• What you should do:
Search the material below for lines containing the string "voor", and copy every one you find.

• Stored data:
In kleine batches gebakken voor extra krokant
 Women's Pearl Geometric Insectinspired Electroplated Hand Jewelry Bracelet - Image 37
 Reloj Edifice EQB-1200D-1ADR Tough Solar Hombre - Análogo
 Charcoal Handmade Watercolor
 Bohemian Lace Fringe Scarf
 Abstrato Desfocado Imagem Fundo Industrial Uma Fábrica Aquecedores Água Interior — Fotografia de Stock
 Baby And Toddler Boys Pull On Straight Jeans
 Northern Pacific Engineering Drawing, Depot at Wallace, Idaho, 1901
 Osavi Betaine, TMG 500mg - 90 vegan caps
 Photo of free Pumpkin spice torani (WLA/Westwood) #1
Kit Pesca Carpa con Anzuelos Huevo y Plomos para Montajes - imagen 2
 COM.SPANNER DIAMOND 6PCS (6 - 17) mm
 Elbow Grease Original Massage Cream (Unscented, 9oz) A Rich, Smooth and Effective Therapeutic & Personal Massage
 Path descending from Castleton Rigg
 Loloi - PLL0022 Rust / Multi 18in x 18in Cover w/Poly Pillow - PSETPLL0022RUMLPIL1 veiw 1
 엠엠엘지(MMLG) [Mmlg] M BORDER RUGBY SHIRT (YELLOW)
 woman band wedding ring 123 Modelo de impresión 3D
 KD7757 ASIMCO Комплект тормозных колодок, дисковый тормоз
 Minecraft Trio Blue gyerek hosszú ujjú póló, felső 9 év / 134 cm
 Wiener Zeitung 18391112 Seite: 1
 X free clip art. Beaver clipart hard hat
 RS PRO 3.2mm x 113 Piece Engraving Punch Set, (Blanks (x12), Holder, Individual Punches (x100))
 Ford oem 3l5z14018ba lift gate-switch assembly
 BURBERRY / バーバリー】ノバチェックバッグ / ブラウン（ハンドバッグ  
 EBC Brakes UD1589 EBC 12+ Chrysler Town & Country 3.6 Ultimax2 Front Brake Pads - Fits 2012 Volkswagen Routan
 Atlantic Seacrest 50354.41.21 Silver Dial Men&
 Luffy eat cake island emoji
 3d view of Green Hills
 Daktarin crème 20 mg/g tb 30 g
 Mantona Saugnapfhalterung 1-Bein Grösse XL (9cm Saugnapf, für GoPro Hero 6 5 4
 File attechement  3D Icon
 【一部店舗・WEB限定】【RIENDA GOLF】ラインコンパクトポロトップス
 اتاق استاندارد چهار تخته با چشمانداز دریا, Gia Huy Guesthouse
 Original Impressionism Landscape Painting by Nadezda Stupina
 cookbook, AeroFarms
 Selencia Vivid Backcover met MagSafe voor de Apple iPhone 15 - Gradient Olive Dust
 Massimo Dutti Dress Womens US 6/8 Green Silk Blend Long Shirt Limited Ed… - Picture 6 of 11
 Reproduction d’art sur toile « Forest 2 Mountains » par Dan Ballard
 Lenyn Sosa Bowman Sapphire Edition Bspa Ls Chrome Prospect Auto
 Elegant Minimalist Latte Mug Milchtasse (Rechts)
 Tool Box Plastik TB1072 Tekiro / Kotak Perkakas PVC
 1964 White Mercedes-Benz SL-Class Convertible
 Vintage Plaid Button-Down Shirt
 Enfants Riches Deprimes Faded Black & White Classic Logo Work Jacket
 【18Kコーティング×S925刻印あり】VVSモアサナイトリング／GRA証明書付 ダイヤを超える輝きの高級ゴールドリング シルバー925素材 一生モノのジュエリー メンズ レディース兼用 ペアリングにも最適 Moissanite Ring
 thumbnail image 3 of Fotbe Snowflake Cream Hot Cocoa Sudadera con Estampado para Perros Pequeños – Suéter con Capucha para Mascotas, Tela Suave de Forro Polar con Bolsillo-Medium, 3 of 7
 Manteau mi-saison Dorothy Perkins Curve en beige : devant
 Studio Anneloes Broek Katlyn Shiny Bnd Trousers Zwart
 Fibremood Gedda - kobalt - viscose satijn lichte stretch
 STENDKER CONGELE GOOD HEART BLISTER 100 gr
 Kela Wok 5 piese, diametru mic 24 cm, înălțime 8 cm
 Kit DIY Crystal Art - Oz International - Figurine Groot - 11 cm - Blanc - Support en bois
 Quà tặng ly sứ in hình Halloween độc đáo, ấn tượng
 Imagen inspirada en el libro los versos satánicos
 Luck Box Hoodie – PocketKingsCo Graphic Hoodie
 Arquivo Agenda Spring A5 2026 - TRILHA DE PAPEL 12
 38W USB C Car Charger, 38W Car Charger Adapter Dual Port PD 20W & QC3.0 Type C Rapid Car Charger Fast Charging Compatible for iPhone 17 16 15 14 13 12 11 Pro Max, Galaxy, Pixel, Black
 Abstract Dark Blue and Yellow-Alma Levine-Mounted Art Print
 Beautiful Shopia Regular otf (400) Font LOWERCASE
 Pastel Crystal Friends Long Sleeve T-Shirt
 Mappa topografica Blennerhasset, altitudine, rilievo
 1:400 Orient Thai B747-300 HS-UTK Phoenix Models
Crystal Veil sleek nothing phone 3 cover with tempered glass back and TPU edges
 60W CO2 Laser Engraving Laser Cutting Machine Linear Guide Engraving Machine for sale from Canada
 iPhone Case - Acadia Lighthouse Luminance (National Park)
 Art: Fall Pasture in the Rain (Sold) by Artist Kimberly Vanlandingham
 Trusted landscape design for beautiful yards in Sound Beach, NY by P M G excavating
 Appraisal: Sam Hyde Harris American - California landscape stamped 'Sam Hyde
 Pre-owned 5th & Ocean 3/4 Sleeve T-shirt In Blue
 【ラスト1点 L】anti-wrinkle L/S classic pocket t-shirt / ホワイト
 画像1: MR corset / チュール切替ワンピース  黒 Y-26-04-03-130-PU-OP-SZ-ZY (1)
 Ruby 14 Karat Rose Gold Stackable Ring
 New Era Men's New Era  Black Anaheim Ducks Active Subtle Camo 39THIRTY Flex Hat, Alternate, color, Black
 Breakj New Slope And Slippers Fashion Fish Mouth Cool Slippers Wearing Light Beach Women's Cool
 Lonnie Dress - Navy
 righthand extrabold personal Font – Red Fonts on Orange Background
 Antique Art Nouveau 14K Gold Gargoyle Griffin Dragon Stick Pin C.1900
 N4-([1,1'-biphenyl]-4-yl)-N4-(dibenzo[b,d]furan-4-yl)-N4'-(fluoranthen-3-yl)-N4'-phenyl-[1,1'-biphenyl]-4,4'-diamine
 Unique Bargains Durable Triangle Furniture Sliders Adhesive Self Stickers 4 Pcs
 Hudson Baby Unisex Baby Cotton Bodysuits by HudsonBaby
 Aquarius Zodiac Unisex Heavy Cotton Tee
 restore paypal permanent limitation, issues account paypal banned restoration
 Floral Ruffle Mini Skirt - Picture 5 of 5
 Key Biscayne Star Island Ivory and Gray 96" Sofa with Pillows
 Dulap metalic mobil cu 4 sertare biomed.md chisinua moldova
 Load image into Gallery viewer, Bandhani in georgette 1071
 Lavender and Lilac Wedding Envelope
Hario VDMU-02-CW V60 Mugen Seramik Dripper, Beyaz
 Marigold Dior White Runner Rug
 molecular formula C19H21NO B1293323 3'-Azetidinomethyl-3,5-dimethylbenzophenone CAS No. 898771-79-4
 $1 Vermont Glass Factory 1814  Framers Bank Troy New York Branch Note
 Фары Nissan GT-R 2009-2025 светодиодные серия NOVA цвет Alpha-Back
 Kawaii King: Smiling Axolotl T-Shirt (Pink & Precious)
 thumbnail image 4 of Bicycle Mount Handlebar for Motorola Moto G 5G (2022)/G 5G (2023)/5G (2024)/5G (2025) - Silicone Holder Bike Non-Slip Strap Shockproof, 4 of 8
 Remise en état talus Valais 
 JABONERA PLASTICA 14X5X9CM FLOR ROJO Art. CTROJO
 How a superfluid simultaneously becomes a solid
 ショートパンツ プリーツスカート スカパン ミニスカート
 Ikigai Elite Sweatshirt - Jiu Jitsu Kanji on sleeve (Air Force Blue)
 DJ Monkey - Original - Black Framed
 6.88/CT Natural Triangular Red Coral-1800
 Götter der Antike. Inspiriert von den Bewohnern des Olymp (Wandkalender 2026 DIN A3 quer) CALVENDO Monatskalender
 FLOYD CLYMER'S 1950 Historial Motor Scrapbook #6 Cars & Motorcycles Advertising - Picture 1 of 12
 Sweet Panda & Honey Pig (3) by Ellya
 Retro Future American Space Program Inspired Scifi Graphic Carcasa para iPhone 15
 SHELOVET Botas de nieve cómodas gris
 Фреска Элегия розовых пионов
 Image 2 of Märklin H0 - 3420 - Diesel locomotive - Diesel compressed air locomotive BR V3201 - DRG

• Answer box:
In kleine batches gebakken voor extra krokant
 Selencia Vivid Backcover met MagSafe voor de Apple iPhone 15 - Gradient Olive Dust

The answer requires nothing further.